The meat and fish products from the four Nunavut plants are marketed under the brand “Truly Wild.” The logo has a fish making a splash as it jumps out of the water, with icebergs in the background. A lot of work was put into creating the brand and has been officially licensed. Nichol says that the “Truly Wild” brand is recognized, but reiterates that their focus is on the local market.
“Marketing is fine as long as you have the capacity to deliver what you’re marketing,” Nichol says. “Over the years — and I’ve been at this for a long, long time — where we do have to be a little bit careful, especially when you’re marketing in the south, is that you don’t overstate your ability to supply.”

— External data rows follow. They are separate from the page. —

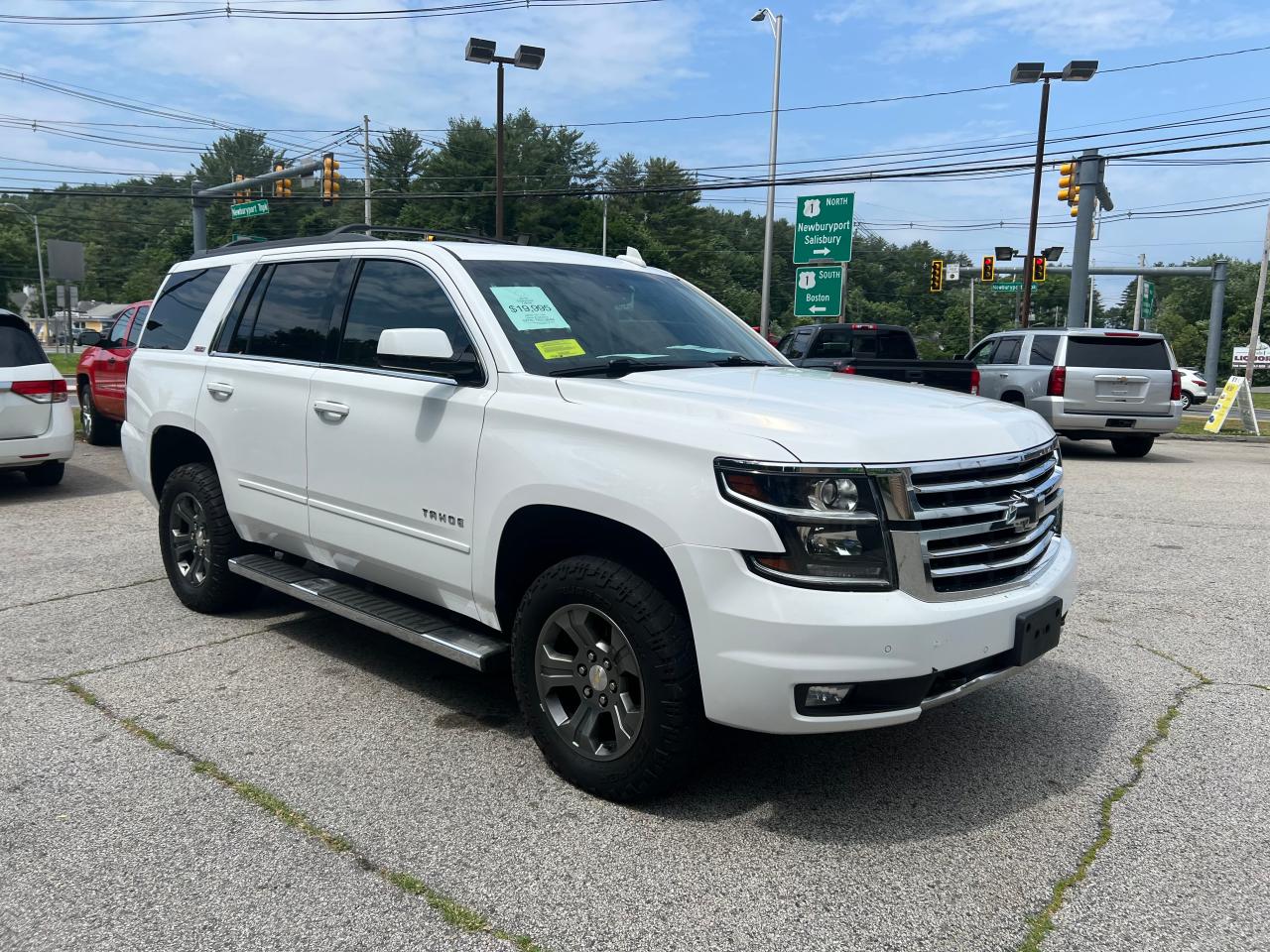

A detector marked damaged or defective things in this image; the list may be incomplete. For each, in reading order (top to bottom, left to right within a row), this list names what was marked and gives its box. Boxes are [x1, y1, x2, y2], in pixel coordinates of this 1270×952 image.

cracked asphalt [2, 440, 1270, 952] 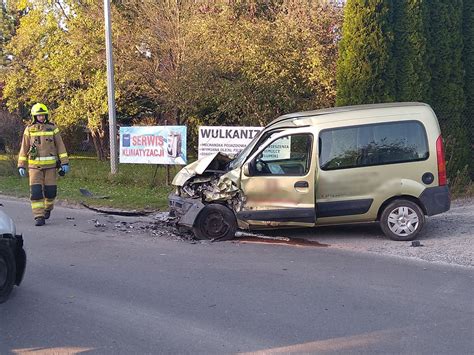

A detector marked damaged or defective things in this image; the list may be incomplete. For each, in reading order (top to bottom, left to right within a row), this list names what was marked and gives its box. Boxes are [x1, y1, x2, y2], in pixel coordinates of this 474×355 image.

severely damaged van [168, 103, 450, 242] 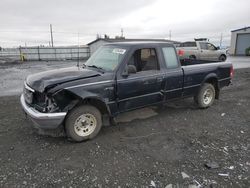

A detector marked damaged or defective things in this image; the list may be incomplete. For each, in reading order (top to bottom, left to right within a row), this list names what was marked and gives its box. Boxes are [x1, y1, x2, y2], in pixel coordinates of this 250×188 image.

crumpled hood [25, 67, 99, 92] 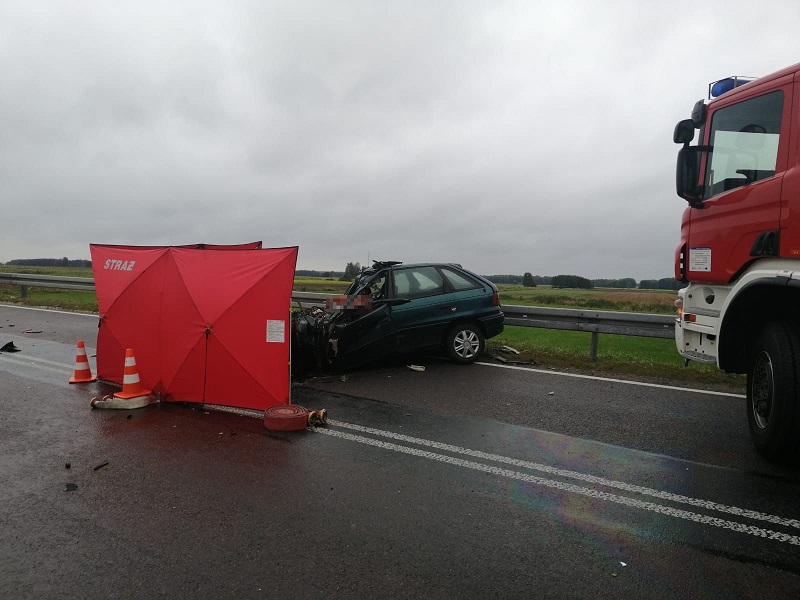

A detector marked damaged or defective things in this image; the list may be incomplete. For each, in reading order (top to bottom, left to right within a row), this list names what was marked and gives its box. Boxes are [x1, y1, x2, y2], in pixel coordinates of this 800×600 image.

severely damaged car [294, 262, 504, 372] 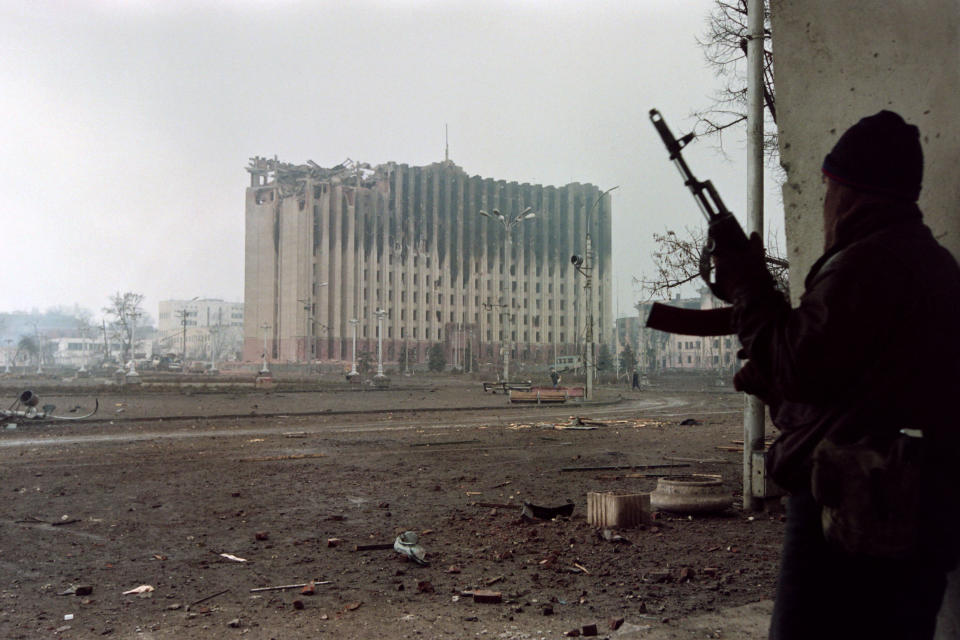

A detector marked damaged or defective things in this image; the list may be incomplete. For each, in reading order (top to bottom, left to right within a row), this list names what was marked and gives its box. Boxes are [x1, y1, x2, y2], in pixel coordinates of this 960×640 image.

damaged multi-story building [244, 156, 612, 372] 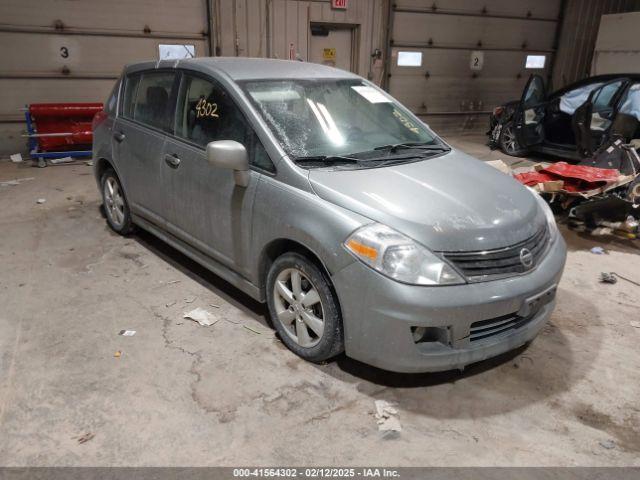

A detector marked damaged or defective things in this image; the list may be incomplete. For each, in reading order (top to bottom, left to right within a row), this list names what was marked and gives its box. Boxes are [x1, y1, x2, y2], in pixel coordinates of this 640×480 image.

damaged red vehicle [490, 73, 640, 159] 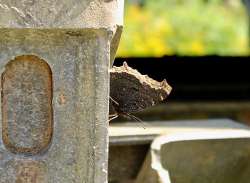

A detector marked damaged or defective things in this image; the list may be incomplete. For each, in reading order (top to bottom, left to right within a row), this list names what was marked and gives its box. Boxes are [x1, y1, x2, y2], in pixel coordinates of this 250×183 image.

rusted metal surface [1, 55, 52, 154] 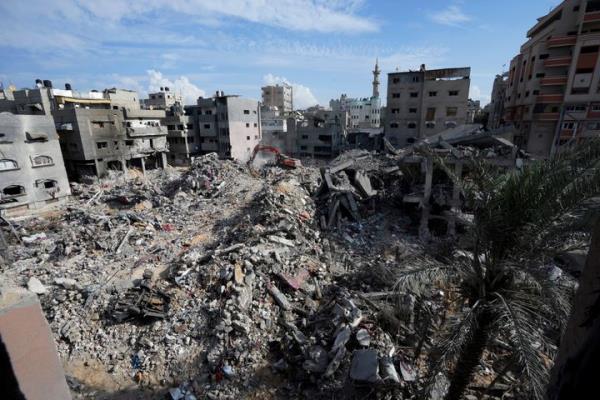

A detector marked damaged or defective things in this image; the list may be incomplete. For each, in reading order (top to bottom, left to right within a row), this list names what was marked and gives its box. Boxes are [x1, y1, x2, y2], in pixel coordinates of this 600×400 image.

damaged building wall [0, 111, 70, 217] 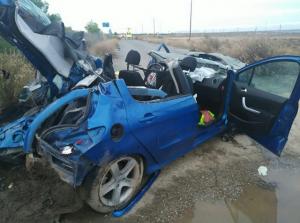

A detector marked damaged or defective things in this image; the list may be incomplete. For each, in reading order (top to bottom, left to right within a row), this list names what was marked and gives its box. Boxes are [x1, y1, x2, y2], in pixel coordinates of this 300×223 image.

broken windshield [16, 0, 51, 32] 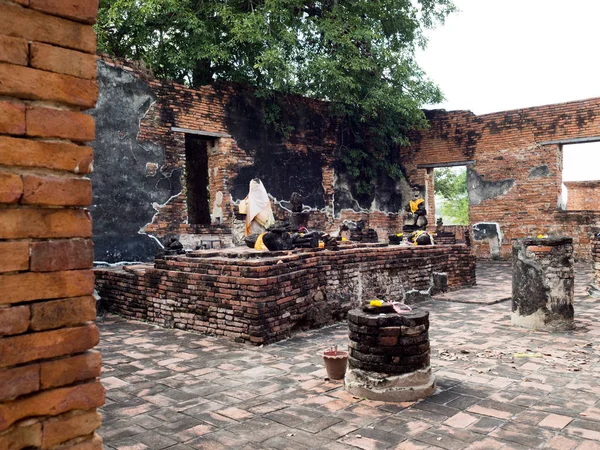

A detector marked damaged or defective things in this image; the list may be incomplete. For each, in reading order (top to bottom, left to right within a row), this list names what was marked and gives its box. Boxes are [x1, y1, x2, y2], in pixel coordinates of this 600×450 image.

Kitikmeot Foods is preparing for growth, but it will be slow, measured growth.
Lacasse says there are no expansion plans in the near future. They will continue to harvest and prepare products to be put back into the Nunavut marketplace.
Because they fish sustainably and under a quota system, what they can harvest is not unlimited. While he’d like to see the muskox population bounce back, he doesn’t expect it to happen anytime soon.
Both Lacasse and Nichol see a market for caribou, but the feasibility of the hunt first needs to be assessed. “Logistics-wise, to carry caribou it’s not cheap. The caribou don’t stay put. They are that kind of animal that like to travel, travel, travel so much a day, so they’re always on the move. It’s not like the muskox,’ Lacasse says.
Going forward, Kitikmeot Foods will continue to operate on the business model it has built up over the past 24 years, sharing the fish that the rivers around Cambridge Bay have been endowed with.
Kitikmeot will also continue to provide employment for community members and local food for the territory’s population in a prohibitively expensive business environment.
The vagary of Arctic animals means the company must remain flexible. And Kitikmeot Foods will continue to contend with its number one challenge, Mother Nature, which as farmers know is always fickle, with a mind of her own.